When one listens to Cohen there is the immense sense that, through virtue of repeated plays, one may acquire the gifts of being irresistible to women and command over an empire of emotions. The desire to become Cohen is based on more than just his song writing. The songs act as a window to a polymath, a magician, a poet, a psychonaut, a man at home in Hampstead Heath, New York, Hydra, a member of one of the most powerful Jewish families in Montreal, a monk, a ladies man, a chain smoker, a poser, a novelist.

Cohen

The gift of Cohens song writing stems from his honesty. Cohen is an artist who seeks to represent life as it is, articulating the truth merely for the power of doing so. The value of this quality is immense and the relevance of his words grow with all the slings and arrows of outrageous fortune.

In the face of George Floyd’s murder and subsequent Black Lives Matter protest, it is Cohen, on There is a War (1974), who articulates an attitude that would get most politicians and journalists fired:

‘there is a war between the rich and poor, a war between the black and white, a war between the odd and the even’.

Following the nomination of Donald Trump, it was the Cohen song Everybody Knows (1988) that provided the most effective insight towards the collective disturbance, singing:

‘Everybody knows the war is over/ Everybody knows the good guys lost/ Everybody knows the boat is leaking/ Everybody knows that the Captain Lied/ Everybody got this broken feeling/ Like their father or their dog just died’.

No singer has articulate the fear of accelearting to a planet of 3 degrees global warming better than Cohen in The Future (1992):

‘Your servant here, he has been told/ To say it clear, to say it cold/ It’s over, it ain’t going any further/ And now the wheels of heaven stop/ You feel the devils riding crop/ Get ready for the future it is murder’// ’Things are going to slide/ Slide in all directions/ Won’t see nothing/ Nothing you can measure anymore/ The blizzard, the blizzard of the world/ Has passed the threshold/ And it has over turned the order of the soul’.  

Cohen’s lessons are free from the chains of ideology or retail. While Johnny Rotten may go from the Sex Pistols to advertising Country Life butter, Cohen is worthy listening from Songs of Leonard Cohen in 1969 until his last album, You Want It Darker, released just 17 days before his death on the 7th of November 2016.

So Long Marianne, found on The Songs of Leonard Cohen, introduces us to Leonard Cohen’s longest love affair, conceived in Hydra and concluded on Marianne’s death bed. Songs from a Room includes a The Partisan a song originally sung by the French Resistance during World War Two and to my mind the provides the best use of French in English popular music.
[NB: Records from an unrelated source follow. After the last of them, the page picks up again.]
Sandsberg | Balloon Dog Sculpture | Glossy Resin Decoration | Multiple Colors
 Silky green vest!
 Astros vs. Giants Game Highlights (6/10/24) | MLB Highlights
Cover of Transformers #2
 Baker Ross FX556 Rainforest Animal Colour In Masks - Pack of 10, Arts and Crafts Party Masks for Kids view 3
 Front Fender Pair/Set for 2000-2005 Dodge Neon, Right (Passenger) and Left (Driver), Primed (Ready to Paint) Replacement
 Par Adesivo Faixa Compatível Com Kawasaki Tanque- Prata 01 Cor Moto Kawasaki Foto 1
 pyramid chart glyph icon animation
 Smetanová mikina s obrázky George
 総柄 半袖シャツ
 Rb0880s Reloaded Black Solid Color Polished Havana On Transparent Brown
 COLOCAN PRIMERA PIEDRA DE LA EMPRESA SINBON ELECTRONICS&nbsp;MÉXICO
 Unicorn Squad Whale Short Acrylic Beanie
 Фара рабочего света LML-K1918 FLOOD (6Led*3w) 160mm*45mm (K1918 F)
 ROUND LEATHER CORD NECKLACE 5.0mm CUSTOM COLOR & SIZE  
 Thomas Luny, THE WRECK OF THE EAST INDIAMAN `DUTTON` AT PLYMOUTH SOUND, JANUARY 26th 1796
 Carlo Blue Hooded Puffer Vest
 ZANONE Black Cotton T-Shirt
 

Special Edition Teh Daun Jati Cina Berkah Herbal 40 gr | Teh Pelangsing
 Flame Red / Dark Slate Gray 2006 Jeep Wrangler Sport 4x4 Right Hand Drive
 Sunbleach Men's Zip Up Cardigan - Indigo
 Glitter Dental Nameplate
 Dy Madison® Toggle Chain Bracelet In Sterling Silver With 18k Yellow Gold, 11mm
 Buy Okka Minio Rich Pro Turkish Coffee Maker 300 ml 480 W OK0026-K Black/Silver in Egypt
Famous Blue Raincoat from Songs of Love and Hate provides a riddle of lost love and rivalry through the medium of a letter. New Skin Old Ceremony houses Lover, Lover, Lover, written during the time of performances to Israeli troops during the Yom Kippur War, provides a vision of conflict through love, the self and the family.

Death of a Ladies Man, produced by a gun wielding and cranky Phil Spector, offers songs like Memories where Leonard Cohen injects 1950’s ballads with a heavy dose of lust. Came So Far for Beauty on Recent Songs provides a story, familiar yet never articulated, of an individual who fails to gain respect for spiritual and aesthetic achievements. Various Positions provides Cohen’s most famous song Hallelujah featured in The OC, The Watchmen and Shrek. Hitchens’ interpretation that Cohen’s voice elevates his songs beyond reach of covers is truest when listening to covers by John Cale and Alexander Burke but for many challenged by Jeff Buckley’s version. With the line ‘there is a crack in everything that’s how the light gets in’, found on Anthem in The Future, Cohen pens what would come the title of the planet’s biggest philosophy festival (HowTheLightGetsIn).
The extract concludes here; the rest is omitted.